"""

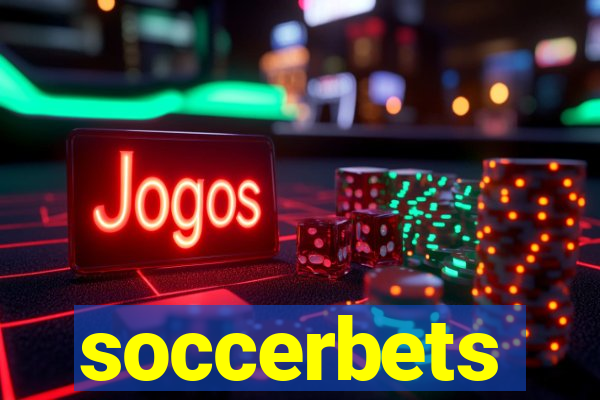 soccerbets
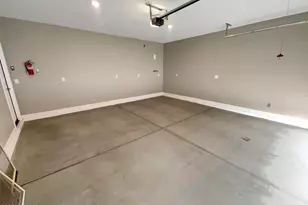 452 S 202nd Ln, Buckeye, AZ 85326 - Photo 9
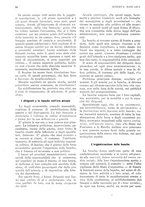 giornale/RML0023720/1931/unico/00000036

"""
"""

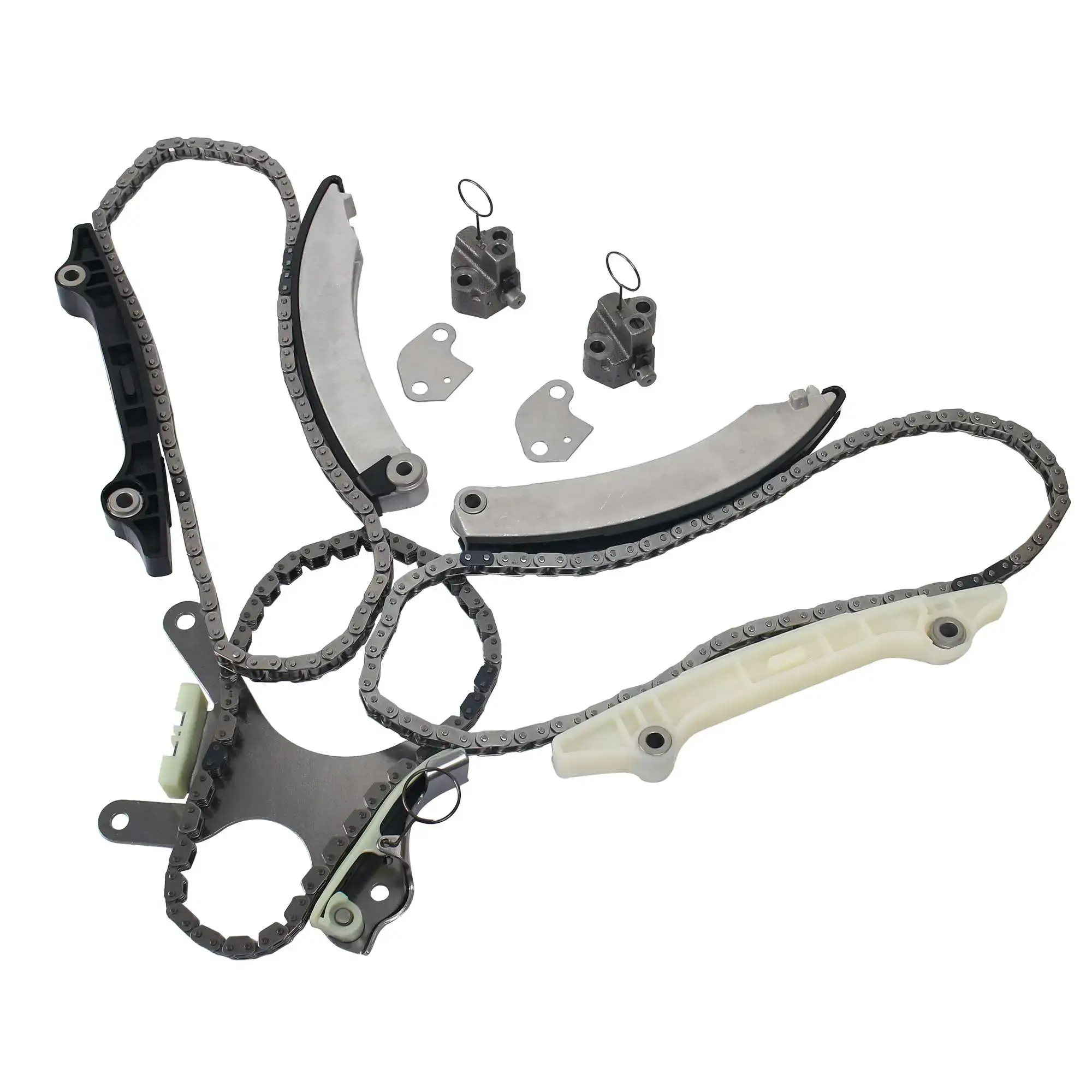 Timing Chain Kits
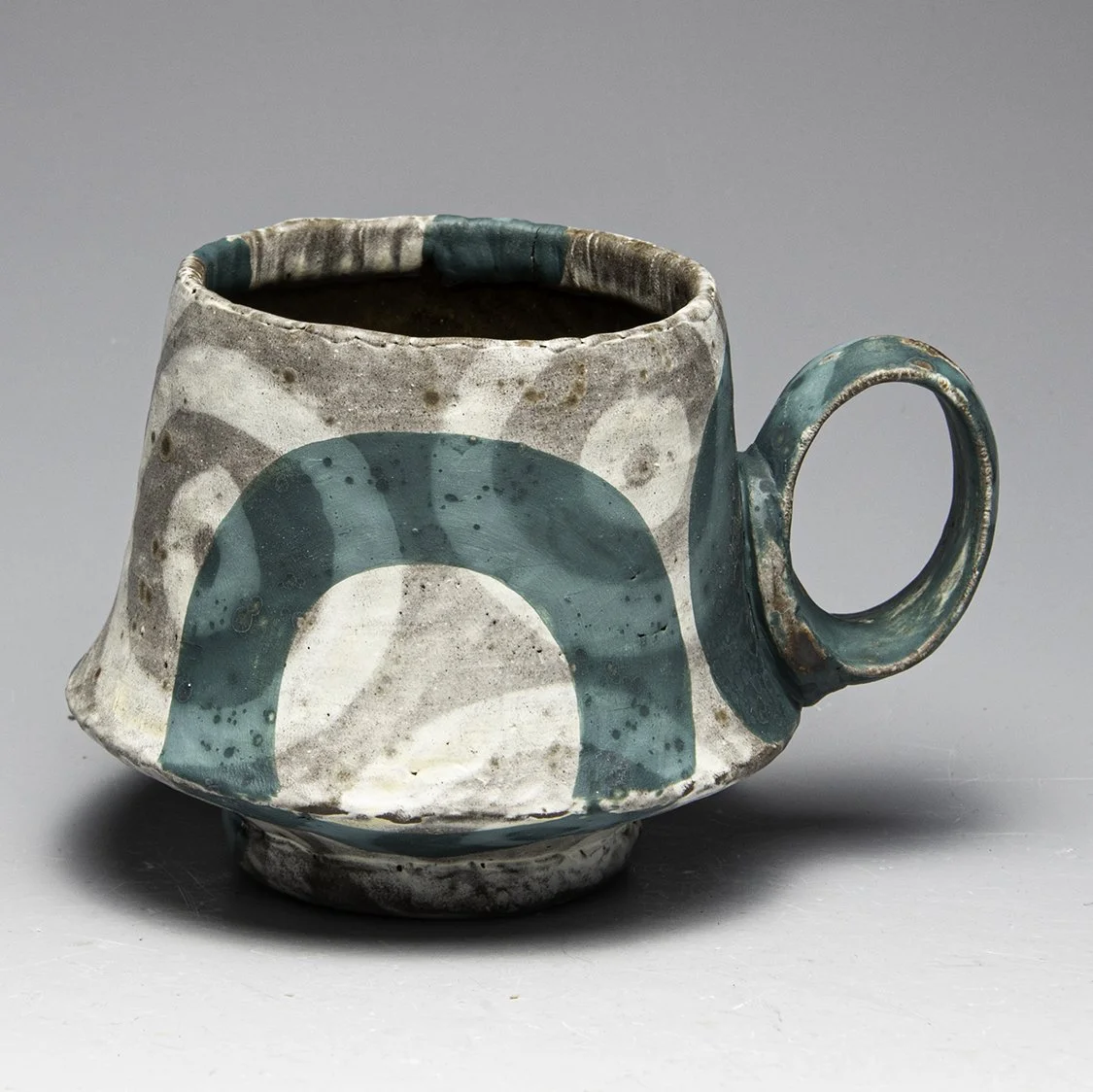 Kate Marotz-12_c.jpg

"""

[ABOUT THIS TASK]
Your reply is to be an exact repeat of the listing above from the line holding "452 S 202nd Ln, Buckeye, AZ 85326 - Photo 9" down to the line holding "giornale/RML0023720/1931/unico/00000036", ends included, pictures excluded.

[SOLUTION TO THE EXERCISE]
 452 S 202nd Ln, Buckeye, AZ 85326 - Photo 9
 giornale/RML0023720/1931/unico/00000036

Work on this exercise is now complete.